Steve Jobs wins posthumous Grammy, accepted by Apple iTunes chief Eddy Cue
The National Academy of Recording Arts & Sciences awards its Grammy Trustees Award every year to "individuals who, during their careers in music, have made significant contributions, other than performance, to the field of recording." Past recipients include Walt Disney and Dick Clark.
Jobs was recognized on Saturday as part of the Grammy Special Merit Awards, winning a trustee award for his part in creating the iPod and iTunes, and the effect both have had on the music industry.
Cue, accepting the award for Jobs, said people first questioned why Apple would make a music player when the first iPod was unveiled in 2001. He said that Apple chose to make the iPod because they loved music, and Jobs believed it's always good to do something you love.
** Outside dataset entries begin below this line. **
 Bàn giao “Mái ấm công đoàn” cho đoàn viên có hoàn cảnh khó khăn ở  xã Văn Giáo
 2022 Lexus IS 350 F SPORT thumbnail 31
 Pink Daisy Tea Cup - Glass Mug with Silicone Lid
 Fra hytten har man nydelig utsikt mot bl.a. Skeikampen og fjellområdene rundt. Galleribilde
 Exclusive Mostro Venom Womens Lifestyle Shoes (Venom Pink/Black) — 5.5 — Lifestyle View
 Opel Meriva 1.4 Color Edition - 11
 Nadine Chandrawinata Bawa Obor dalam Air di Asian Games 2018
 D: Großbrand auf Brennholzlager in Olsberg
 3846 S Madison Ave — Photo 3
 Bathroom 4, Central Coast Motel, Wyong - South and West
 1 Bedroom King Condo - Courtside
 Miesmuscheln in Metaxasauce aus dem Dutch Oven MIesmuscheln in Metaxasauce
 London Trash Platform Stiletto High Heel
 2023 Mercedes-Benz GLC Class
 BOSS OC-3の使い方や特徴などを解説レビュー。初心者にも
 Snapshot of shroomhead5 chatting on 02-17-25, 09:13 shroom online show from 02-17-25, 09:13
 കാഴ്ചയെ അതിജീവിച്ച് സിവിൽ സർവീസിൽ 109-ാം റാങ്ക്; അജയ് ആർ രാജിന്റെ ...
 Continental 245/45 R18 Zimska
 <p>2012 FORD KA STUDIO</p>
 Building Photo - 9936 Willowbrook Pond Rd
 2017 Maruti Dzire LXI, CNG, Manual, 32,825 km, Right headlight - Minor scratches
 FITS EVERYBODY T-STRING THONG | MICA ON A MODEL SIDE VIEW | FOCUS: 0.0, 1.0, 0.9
"Steve was a visionary, a mentor, and a very close friend," Cue said. "I had the incredible honor of working with him for the last 15 years. Accepting this award means so much to me, because music meant so much to him."
Jobs won the award along with Dave Bartholomew, a prominent New Orleans band leader and arranger, and Rudy Van Gelder, an American recording engineer specializing in jazz.
That Jobs was awarded the Grammy was first announced in December, but the statue was not officially handed over until Saturday. A formal acknowledgement will be made during the Grammy Awards telecast Sunday evening.
The award is the second Grammy given to Jobs. Apple won a technical Grammy award in 2002.